La posibilidad de que Nicolás Maduro decrete un estado de conmoción exterior en Venezuela ha reabierto el debate sobre los alcances de los estados de excepción contemplados en la Constitución. La medida, enmarcada en un contexto de tensión militar con Estados Unidos en aguas del Caribe, plantea interrogantes sobre los derechos ciudadanos, los límites del poder presidencial y la verdadera utilidad de un mecanismo que, según juristas, ya ha sido superado en la práctica por el propio gobierno.
¿Qué significa el estado de conmoción exterior?
De acuerdo con el artículo 338 de la Carta Magna, este decreto puede activarse cuando exista un conflicto interno o externo que comprometa la seguridad nacional, la integridad de los ciudadanos o la estabilidad de las instituciones. Su duración inicial es de 90 días, prorrogables por otro período igual, y su efecto principal es permitir la restricción temporal de ciertas garantías.
Aunque se prohíbe limitar derechos como la vida, la prohibición de la tortura, el debido proceso o la información, los expertos coinciden en que en la práctica muchos de estos ya se encuentran vulnerados.
Facultades que otorga la medida
Entre las acciones posibles bajo un estado de conmoción exterior se cuentan la ocupación de empresas o bienes considerados estratégicos, la restricción de la movilidad en áreas sensibles, la convocatoria de la reserva militar y la suspensión de actividades que se estimen riesgosas. En teoría, estas atribuciones deben estar sometidas al control de la Asamblea Nacional y del Tribunal Supremo de Justicia.
No obstante, la experiencia venezolana demuestra que esos contrapesos se han reducido a formalidades. Según el abogado Zair Mundaray, la administración de Maduro no necesita un decreto para implementar restricciones, pues ya lo hace sin mediación institucional.

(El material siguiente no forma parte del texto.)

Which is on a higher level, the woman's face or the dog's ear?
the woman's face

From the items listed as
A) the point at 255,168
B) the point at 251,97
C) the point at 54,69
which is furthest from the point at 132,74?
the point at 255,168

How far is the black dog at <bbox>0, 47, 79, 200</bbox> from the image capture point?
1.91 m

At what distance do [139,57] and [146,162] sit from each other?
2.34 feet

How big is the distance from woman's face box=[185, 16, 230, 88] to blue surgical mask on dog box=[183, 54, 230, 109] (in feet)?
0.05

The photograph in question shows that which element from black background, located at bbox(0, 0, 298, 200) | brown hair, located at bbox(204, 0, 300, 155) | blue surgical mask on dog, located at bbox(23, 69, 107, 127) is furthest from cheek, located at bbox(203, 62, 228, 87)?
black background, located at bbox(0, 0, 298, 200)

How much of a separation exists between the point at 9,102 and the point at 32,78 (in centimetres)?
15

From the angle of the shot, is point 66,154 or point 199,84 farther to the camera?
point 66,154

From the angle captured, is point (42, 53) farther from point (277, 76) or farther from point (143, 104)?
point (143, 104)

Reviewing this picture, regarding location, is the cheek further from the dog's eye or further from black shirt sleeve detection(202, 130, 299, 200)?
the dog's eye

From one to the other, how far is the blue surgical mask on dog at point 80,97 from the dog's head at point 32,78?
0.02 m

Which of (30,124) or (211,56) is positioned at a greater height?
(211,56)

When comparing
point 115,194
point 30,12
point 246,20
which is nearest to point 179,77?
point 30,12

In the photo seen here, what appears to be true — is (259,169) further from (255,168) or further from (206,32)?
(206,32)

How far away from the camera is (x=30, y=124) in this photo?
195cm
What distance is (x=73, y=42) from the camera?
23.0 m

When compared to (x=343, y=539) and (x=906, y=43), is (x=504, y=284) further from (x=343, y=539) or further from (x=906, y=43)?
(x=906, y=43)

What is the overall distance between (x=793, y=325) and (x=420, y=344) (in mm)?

Riesgo de mayor persecución política
Distintos juristas y organizaciones alertan que la declaratoria puede usarse como justificación para intensificar la persecución de opositores. La asociación civil Acceso a la Justicia advierte que los estados de excepción deben sustentarse en hechos objetivos y verificables, no en suposiciones o amenazas ambiguas. En caso contrario, se corre el riesgo de transformar un recurso constitucional en un mecanismo de represión política.
La organización recuerda que cualquier medida de este calibre afecta a toda la ciudadanía, por lo que requiere transparencia y consenso sobre la existencia real de un peligro externo.
Precedentes de otros decretos
En los últimos años, el Ejecutivo venezolano ha recurrido en varias ocasiones a los estados de excepción. Entre 2016 y 2020 se mantuvo vigente el estado de emergencia económica, que permitió al gobierno disponer de fondos sin autorización parlamentaria. En 2020, la pandemia justificó el estado de alarma, con restricciones de movilidad y suspensión de clases presenciales.
Ahora, con el despliegue militar estadounidense en el Caribe —que incluye buques de guerra, un submarino nuclear y aviones de combate—, Maduro vuelve a plantear el uso del estado de conmoción exterior como respuesta a lo que califica de amenaza directa contra la soberanía venezolana.
La discusión sobre el estado de conmoción exterior revela la tensión permanente entre el diseño constitucional y la práctica política en Venezuela. Mientras Maduro lo presenta como una medida para garantizar la defensa nacional, analistas y organizaciones lo consideran un recurso que podría profundizar el autoritarismo. El debate, lejos de ser jurídico, es un reflejo del pulso entre poder y derechos, seguridad y libertades, en un país que ya vive bajo restricciones sistemáticas.